GOAL OF THE EXERCISE
Please reproduce all the data exactly as written and omit the pictures.

[RAW DATA — start]

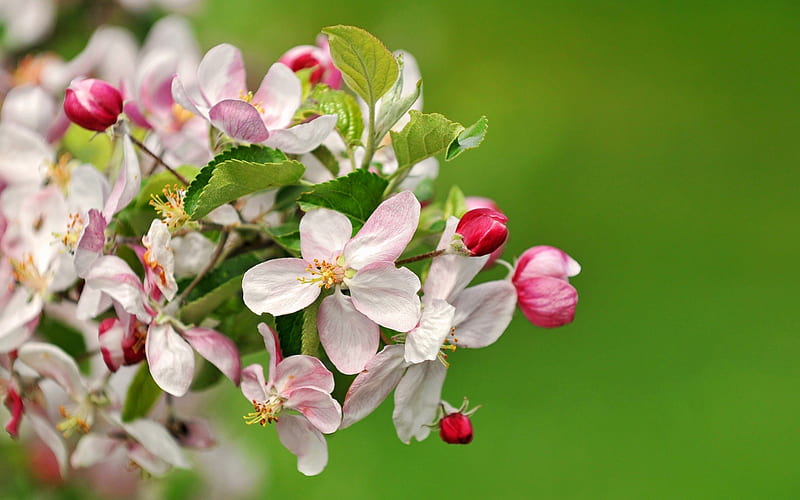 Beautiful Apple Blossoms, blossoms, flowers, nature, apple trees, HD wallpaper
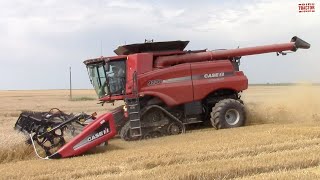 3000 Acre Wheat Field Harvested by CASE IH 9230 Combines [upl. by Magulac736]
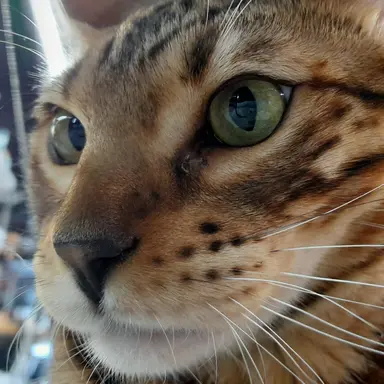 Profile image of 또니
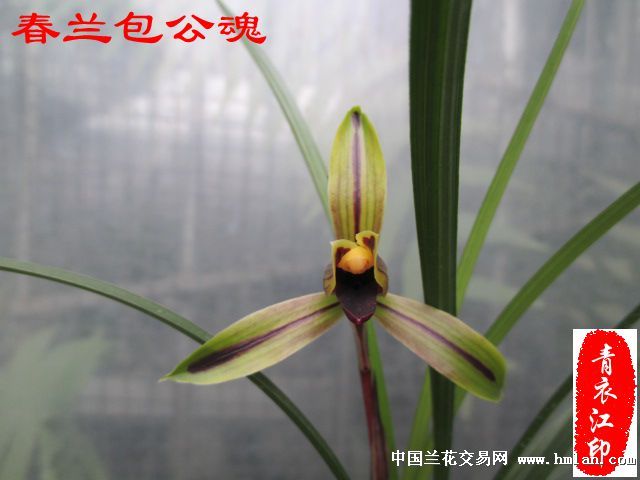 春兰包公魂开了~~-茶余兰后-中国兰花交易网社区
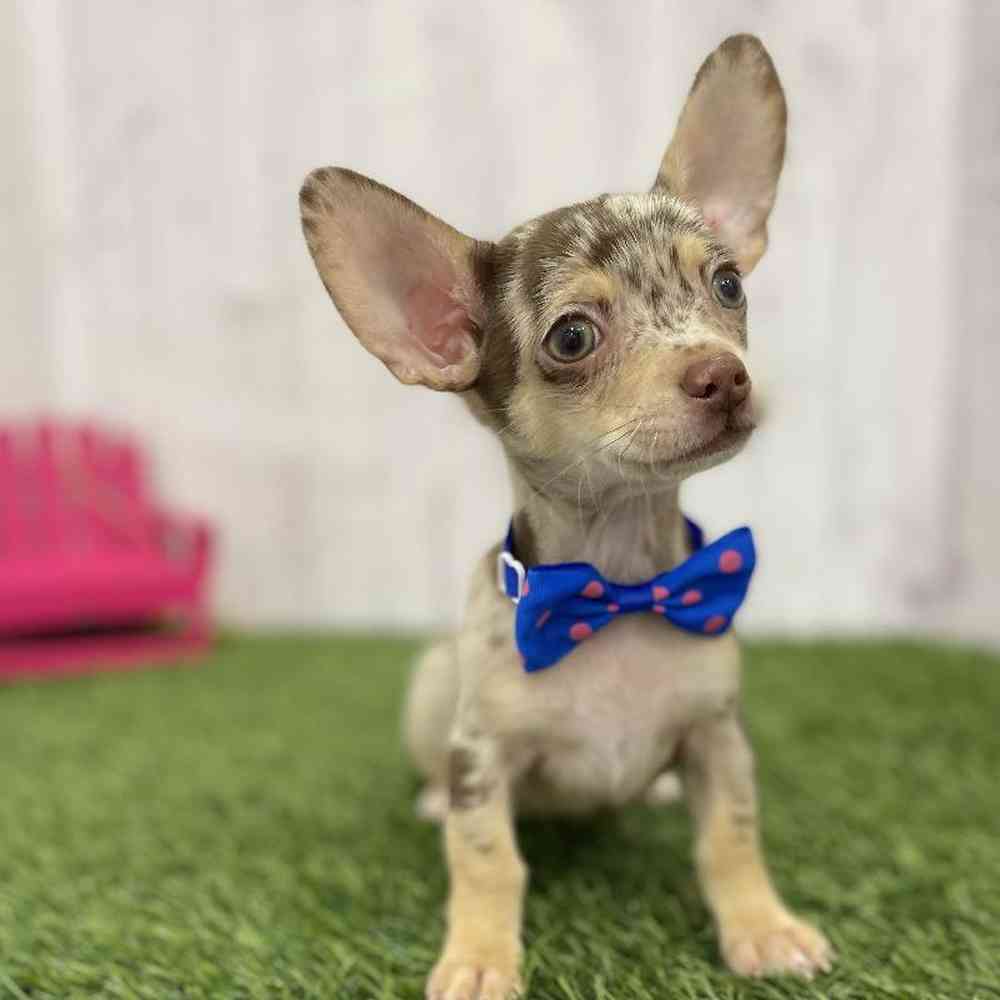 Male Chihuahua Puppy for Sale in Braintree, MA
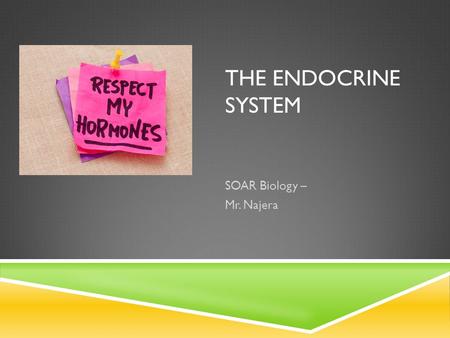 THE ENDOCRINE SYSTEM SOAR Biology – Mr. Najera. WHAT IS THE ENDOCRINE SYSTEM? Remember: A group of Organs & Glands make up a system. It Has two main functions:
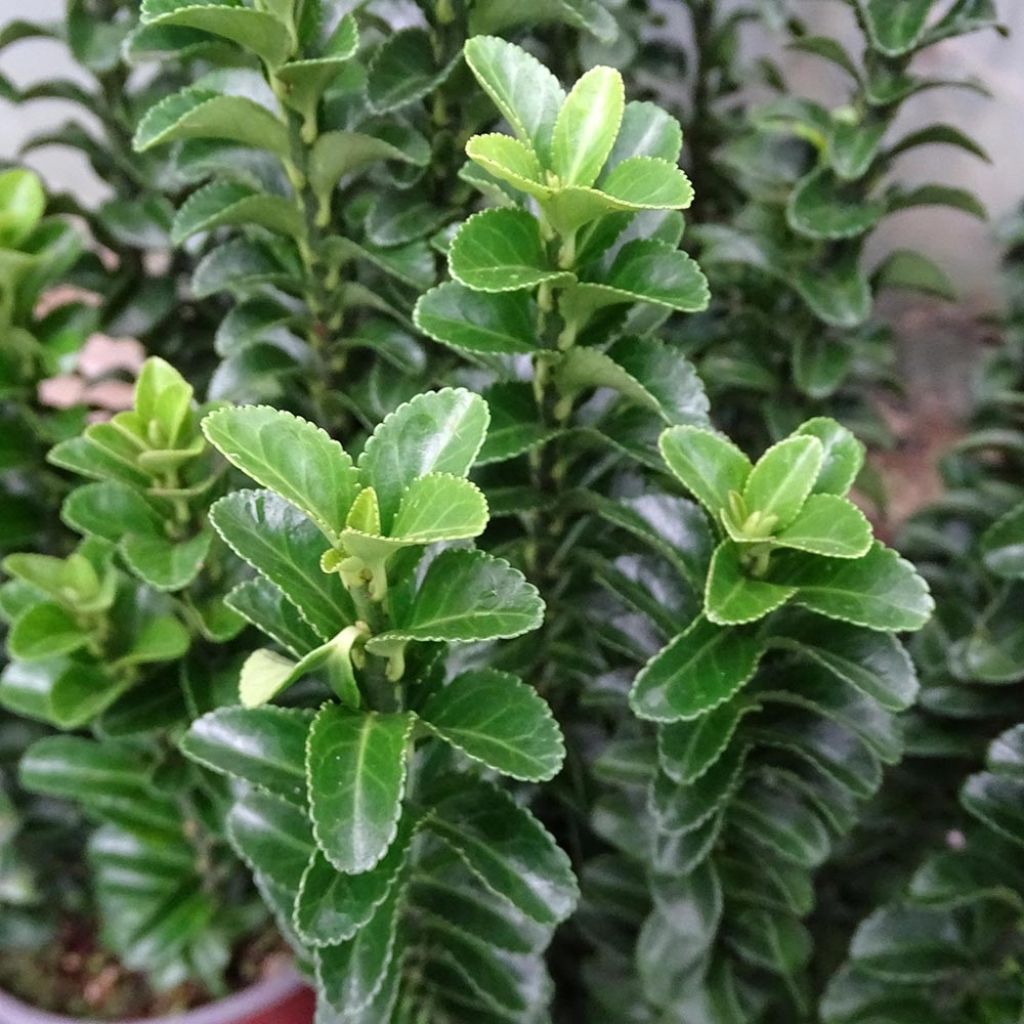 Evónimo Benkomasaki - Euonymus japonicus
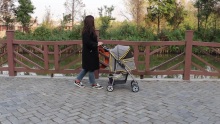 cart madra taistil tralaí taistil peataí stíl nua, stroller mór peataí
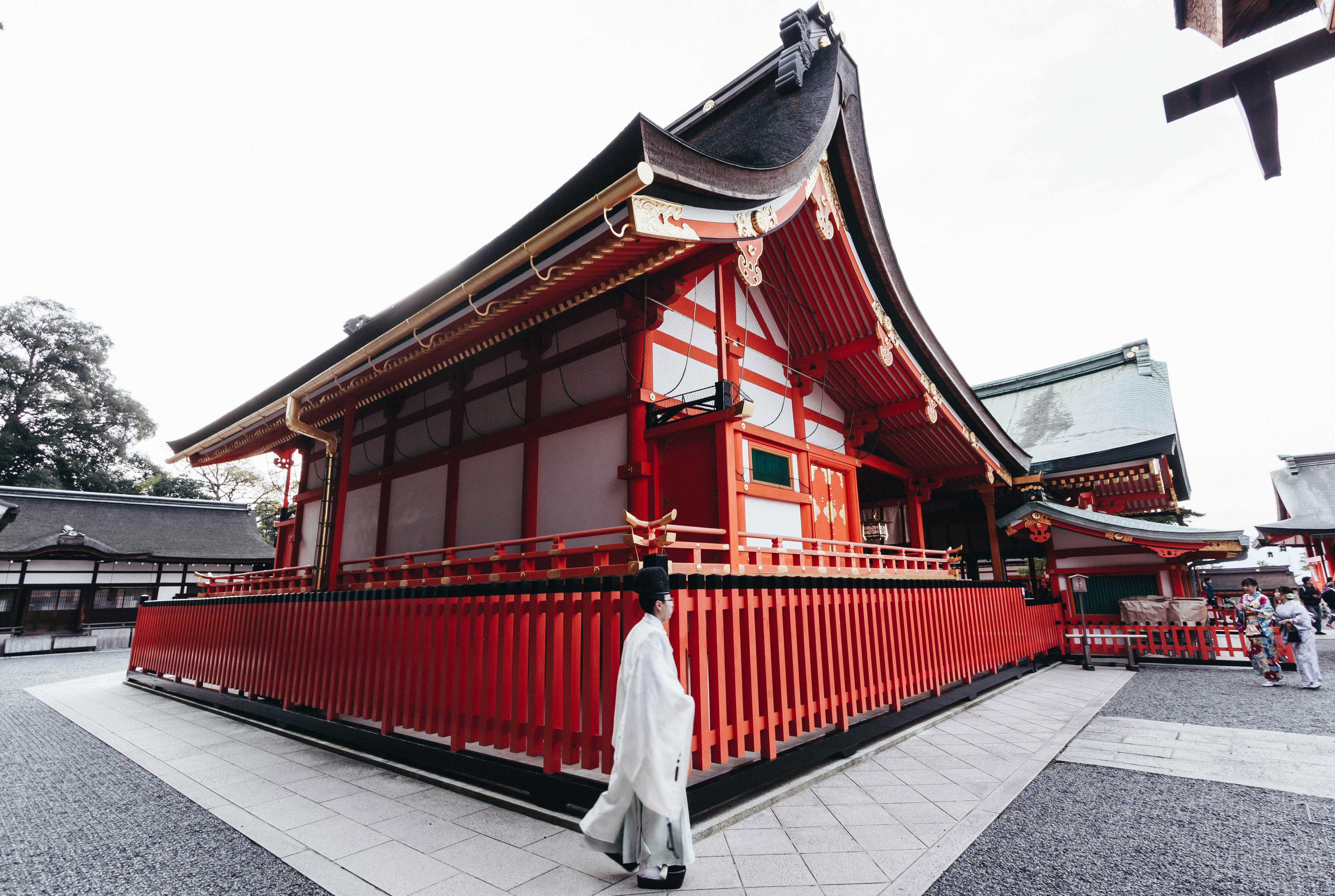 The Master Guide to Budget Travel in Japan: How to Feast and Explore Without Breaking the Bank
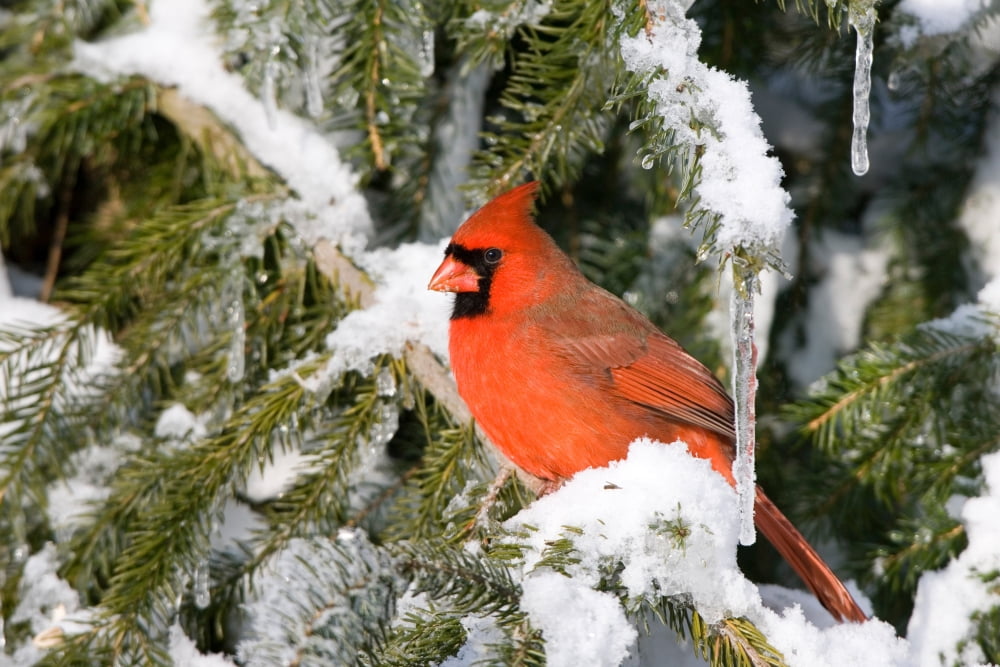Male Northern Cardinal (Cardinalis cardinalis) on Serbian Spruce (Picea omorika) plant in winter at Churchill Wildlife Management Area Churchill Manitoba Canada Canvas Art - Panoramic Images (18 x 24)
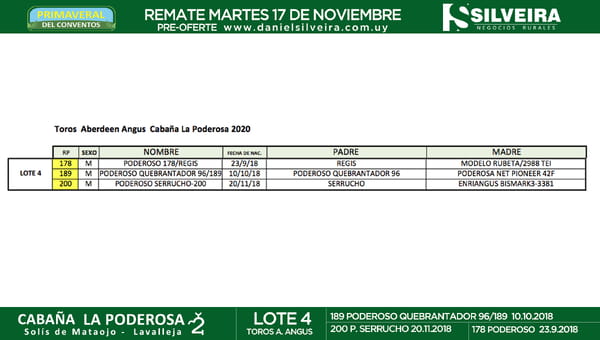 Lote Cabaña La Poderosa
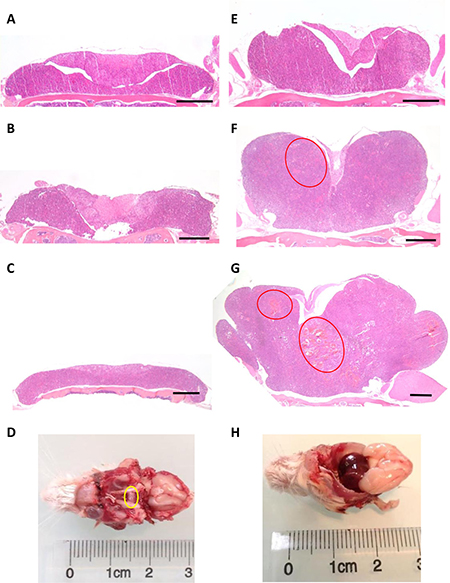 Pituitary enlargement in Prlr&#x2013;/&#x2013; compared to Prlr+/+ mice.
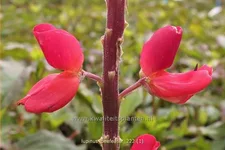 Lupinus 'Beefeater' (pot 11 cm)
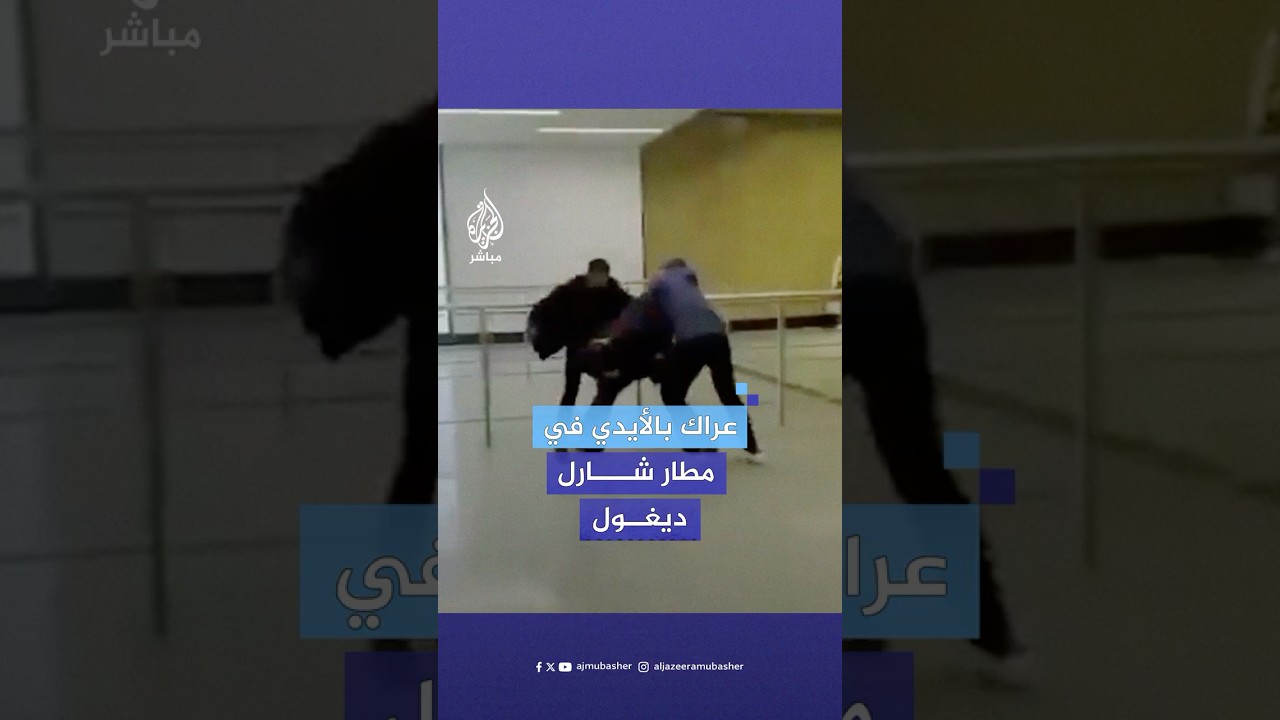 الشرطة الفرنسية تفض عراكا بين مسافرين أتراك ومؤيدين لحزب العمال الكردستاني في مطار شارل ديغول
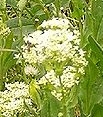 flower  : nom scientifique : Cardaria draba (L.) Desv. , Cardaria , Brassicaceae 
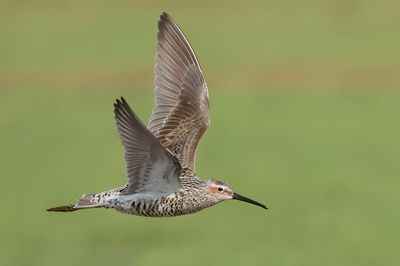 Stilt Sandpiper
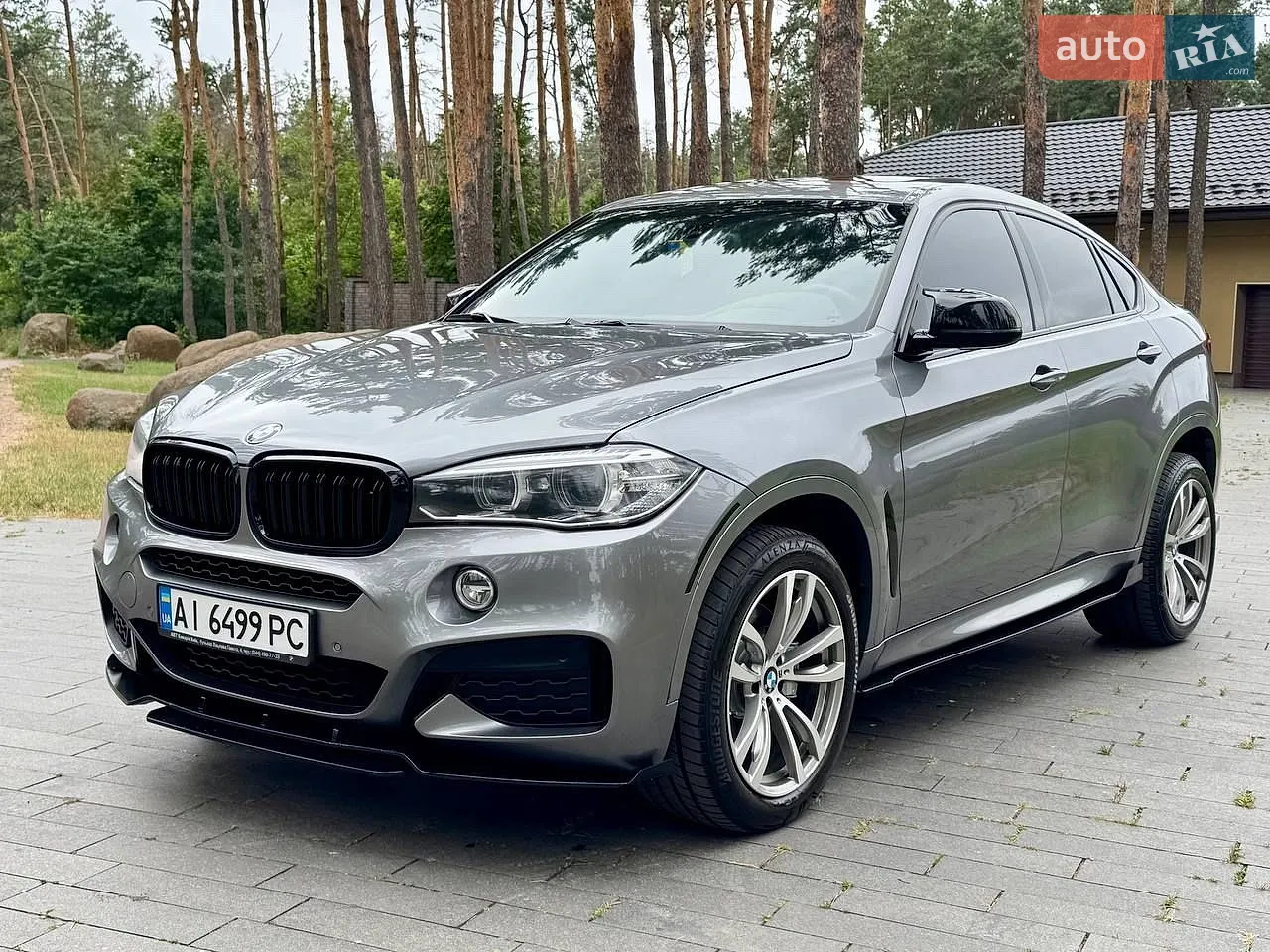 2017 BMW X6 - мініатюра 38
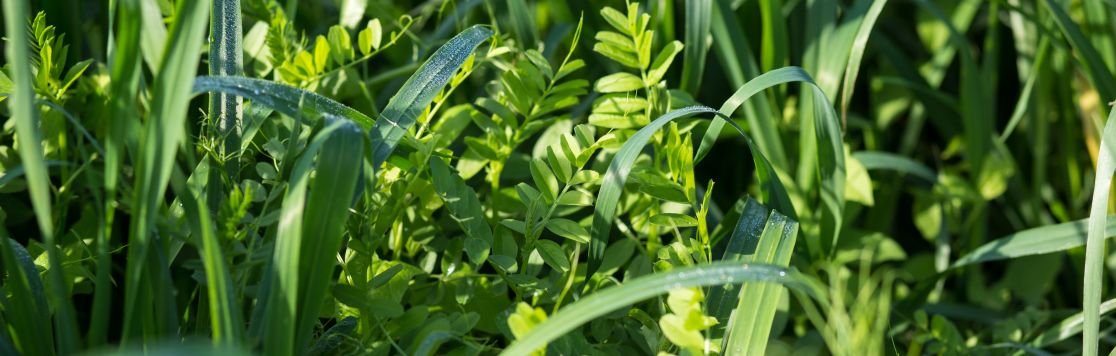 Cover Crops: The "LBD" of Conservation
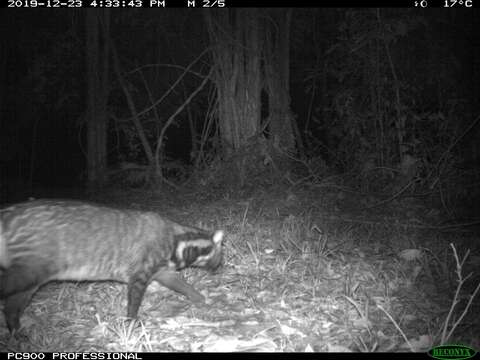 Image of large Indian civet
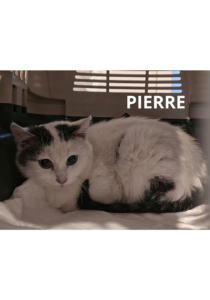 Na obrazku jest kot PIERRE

[RAW DATA — finish]

TASK RESULT
 Beautiful Apple Blossoms, blossoms, flowers, nature, apple trees, HD wallpaper
 3000 Acre Wheat Field Harvested by CASE IH 9230 Combines [upl. by Magulac736]
 Profile image of 또니
 春兰包公魂开了~~-茶余兰后-中国兰花交易网社区
 Male Chihuahua Puppy for Sale in Braintree, MA
 THE ENDOCRINE SYSTEM SOAR Biology – Mr. Najera. WHAT IS THE ENDOCRINE SYSTEM? Remember: A group of Organs & Glands make up a system. It Has two main functions:
 Evónimo Benkomasaki - Euonymus japonicus
 cart madra taistil tralaí taistil peataí stíl nua, stroller mór peataí
 The Master Guide to Budget Travel in Japan: How to Feast and Explore Without Breaking the Bank
Male Northern Cardinal (Cardinalis cardinalis) on Serbian Spruce (Picea omorika) plant in winter at Churchill Wildlife Management Area Churchill Manitoba Canada Canvas Art - Panoramic Images (18 x 24)
 Lote Cabaña La Poderosa
 Pituitary enlargement in Prlr&#x2013;/&#x2013; compared to Prlr+/+ mice.
 Lupinus 'Beefeater' (pot 11 cm)
 الشرطة الفرنسية تفض عراكا بين مسافرين أتراك ومؤيدين لحزب العمال الكردستاني في مطار شارل ديغول
 flower  : nom scientifique : Cardaria draba (L.) Desv. , Cardaria , Brassicaceae 
 Stilt Sandpiper
 2017 BMW X6 - мініатюра 38
 Cover Crops: The "LBD" of Conservation
 Image of large Indian civet
 Na obrazku jest kot PIERRE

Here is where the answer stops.